The properties of the scrollRect Rectangle object use the display object's coordinate space and are scaled just like the overall display object. The corner bounds of the cropped window on the scrolling display object are the origin of the display object(0,0) and the point defined by the width and height of the rectangle. They are not centered around the origin, but use the origin to define the upper-left corner of the area. A scrolled display object always scrolls in whole pixel increments.

You can scroll an object left and right by setting the x property of the scrollRect Rectangle object. You can scroll an object up and down by setting the y property of the scrollRect Rectangle object. If the display object is rotated 90° and you scroll it left and right, the display object actually scrolls up and down.

read onlystage:Stage

The Stage of the display object. A Flash runtime application has only one Stage object. For example, you can create and load multiple display objects into the display list, and the stage property of each display object refers to the same Stage object(even if the display object belongs to a loaded SWF file).

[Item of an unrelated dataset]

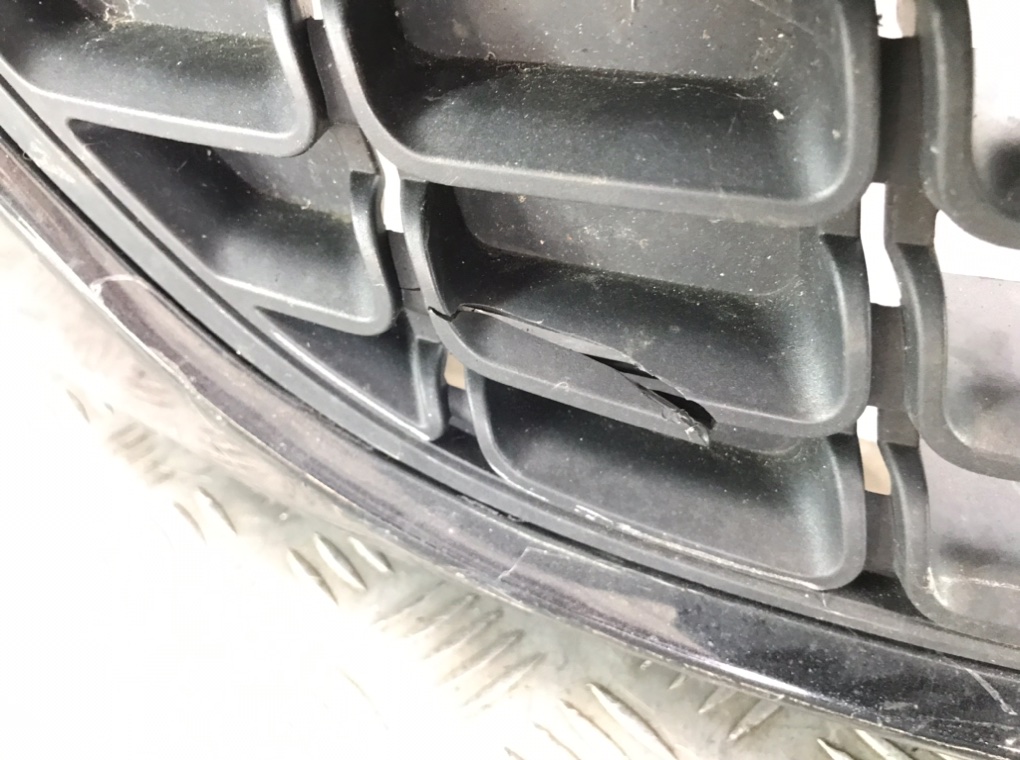 Бампер передний для Opel Corsa, 2013 г. 1.4 i бензин б/у — фото 7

If a display object is not added to the display list, its stage property is set to null.

transform:Transform

An object with properties pertaining to a display object's matrix, color transform, and pixel bounds. The specific properties - matrix, colorTransform, and three read-only properties (concatenatedMatrix, concatenatedColorTransform, and pixelBounds) - are described in the entry for the Transform class.

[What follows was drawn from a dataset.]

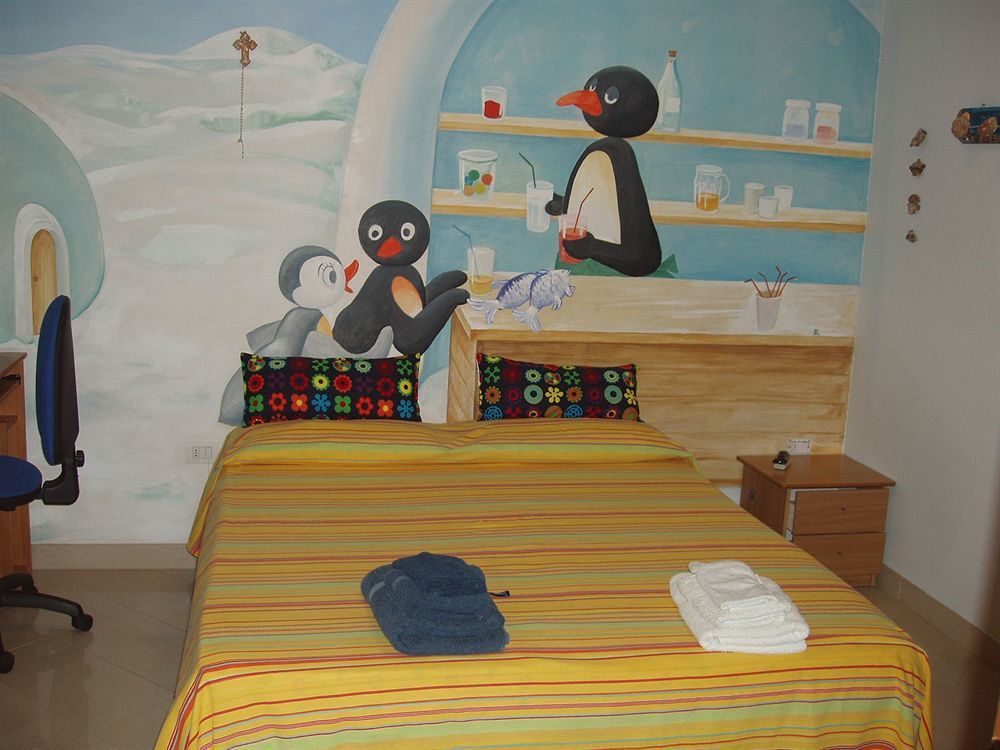 Residenza Del Sole Bed & Breakfast Surbo Luaran gambar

Each of the transform object's properties is itself an object. This concept is important because the only way to set new values for the matrix or colorTransform objects is to create a new object and copy that object into the transform.matrix or transform.colorTransform property.

For example, to increase the tx value of a display object's matrix, you must make a copy of the entire matrix object, then copy the new object into the matrix property of the transform object: var myMatrix:Matrix = myDisplayObject.transform.matrix; myMatrix.tx += 10; myDisplayObject.transform.matrix = myMatrix;

You cannot directly set the tx property. The following code has no effect on myDisplayObject: myDisplayObject.transform.matrix.tx += 10;

You can also copy an entire transform object and assign it to another display object's transform property. For example, the following code copies the entire transform object from myOldDisplayObj to myNewDisplayObj: myNewDisplayObj.transform = myOldDisplayObj.transform;

The resulting display object, myNewDisplayObj, now has the same values for its matrix, color transform, and pixel bounds as the old display object, myOldDisplayObj.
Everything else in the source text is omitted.